New ideas for making optimal use of experts in grant-funding

How to solicit expert opinions without stifling creativity

Mar 09, 2022

The importance of grant-funding panels in science cannot be overstated. Every year in the US, tens of billions of dollars of scientific grant-funding get allocated based on the whims of these panels. The opinions of panels have a massive influence over what can and cannot get researched.

Panels are often criticized by the progress studies community for the belief that they’re structured to incentivize risk-averse, derivative research. And the community has a point. A large group of domain experts having to almost unanimously approve an idea puts truly novel ideas at a disadvantage.

But, with all these new science funding organizations seemingly springing up out of the ground, they are now in the position of needing to find ways to responsibly allocate billions of dollars in capital. And, while the mantra of “fund people, not projects” is effective and goes a long way to reduce risk aversion, it is not the right formula in all cases. Many organizations are turning to the classics, panels and expert reviews.

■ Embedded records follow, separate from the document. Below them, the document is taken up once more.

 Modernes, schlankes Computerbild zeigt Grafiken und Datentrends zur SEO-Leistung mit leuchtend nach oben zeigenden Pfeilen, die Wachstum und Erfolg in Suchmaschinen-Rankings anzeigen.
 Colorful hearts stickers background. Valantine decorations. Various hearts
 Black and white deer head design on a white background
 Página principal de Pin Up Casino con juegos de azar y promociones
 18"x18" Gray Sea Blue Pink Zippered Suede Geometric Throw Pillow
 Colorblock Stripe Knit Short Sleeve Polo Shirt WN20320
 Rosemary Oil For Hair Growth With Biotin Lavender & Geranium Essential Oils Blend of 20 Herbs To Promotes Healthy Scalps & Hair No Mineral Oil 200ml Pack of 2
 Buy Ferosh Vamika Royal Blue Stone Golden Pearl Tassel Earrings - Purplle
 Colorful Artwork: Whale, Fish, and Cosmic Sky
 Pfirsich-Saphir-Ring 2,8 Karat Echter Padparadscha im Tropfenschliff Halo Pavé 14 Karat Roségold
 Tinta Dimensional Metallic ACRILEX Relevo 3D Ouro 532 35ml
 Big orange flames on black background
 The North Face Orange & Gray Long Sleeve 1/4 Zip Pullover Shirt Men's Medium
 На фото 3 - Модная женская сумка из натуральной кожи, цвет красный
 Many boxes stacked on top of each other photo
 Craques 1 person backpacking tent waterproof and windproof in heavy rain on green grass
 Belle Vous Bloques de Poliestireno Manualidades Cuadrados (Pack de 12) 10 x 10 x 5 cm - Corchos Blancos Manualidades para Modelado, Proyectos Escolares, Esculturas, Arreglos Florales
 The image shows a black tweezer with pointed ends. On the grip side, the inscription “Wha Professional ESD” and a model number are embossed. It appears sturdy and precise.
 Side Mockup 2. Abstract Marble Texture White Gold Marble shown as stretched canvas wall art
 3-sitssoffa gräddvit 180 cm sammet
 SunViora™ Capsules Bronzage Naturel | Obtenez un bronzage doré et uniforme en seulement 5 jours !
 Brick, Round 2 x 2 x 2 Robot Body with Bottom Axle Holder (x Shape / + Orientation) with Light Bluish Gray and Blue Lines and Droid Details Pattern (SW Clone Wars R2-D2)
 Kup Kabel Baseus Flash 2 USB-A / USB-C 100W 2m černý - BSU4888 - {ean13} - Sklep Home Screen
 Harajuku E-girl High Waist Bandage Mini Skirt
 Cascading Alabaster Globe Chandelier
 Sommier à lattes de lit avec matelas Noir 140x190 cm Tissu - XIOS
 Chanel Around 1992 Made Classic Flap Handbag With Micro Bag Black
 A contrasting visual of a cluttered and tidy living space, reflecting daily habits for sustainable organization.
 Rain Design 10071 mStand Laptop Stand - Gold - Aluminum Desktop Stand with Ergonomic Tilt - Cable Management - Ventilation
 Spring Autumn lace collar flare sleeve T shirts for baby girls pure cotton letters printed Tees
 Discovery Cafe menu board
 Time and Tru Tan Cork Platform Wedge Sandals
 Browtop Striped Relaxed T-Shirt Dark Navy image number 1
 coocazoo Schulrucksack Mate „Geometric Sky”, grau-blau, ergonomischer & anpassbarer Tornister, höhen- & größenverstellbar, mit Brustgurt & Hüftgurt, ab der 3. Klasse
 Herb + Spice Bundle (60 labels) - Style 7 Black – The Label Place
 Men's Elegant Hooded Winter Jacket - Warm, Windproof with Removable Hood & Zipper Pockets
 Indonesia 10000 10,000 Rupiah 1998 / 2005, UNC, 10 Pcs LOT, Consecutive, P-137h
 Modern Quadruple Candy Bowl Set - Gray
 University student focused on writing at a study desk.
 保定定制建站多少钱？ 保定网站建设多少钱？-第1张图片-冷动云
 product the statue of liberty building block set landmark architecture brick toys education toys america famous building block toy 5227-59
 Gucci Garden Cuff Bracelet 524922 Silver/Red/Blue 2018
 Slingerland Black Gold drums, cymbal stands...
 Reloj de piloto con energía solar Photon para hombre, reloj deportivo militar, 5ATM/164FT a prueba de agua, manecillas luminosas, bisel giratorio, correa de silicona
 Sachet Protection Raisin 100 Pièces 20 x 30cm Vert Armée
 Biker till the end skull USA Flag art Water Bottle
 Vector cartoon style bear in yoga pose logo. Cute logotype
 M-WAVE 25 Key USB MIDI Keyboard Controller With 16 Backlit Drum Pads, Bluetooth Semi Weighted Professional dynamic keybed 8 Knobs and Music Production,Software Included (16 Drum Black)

In looking to build the future of innovation, these orgs have decided to employ the use of experts—as they should. The question is: how can they solicit expert opinions without stifling innovation and creativity?

In this piece, I’ll dive into some of the problems present with how panels are currently used and outline several strategies to overcome these issues. And, obviously, strategizing to overcome old issues always has the possibility of creating new problems. But that's life sometimes. At least these new-age grant funders who modify the 'industry standard' won’t be guilty of being boring and making the same-old science funding mistakes.

The current use of panel scores pretends they are more precise than they are

Humans are not always the best at making fine-grained predictions. Just because our general predictions about something are quite accurate does not make zooming in on those predictions a great idea. And this seems to be the case with panelists’ average scores of grants.

A 2015 paper by Danielle Li and Leila Agha looked at 130,000 NIH R1 grants to see how the grant scores from panelists correlated with the actual citations papers received. The results, which were likely what the authors expected, showed that awarded grants with higher panel scores generated more publications, more citations, more high-impact papers, and more patents on average. This paper affirmatively answered the question, “On average, do panelist scores tend to be highly correlated with the final citation count of a paper?”

However, there was another way to frame the question that the authors did not explore. And that alternative framing is, “How predictive are panel scores right around the cutoff point at which funding decisions are usually made?”

A follow-on analysis, using Li and Agha's dataset, done by Fang, Bowen, and Casadevall explored this exact question and demonstrated that the true story may be more complicated than the Li and Agha paper made it out to be. The authors found that within the top fifth of scores for awarded grants, panelist scores were a weak signal of performance at best. Within this bucket of awarded grants whose panel scores fell in the top quintile, a score in the top two percentile buckets proved to be a very reliable indicator of high performance. However, as the figures below show, the final performance of grants with percentiles between three and twenty were statistically indistinguishable from one another.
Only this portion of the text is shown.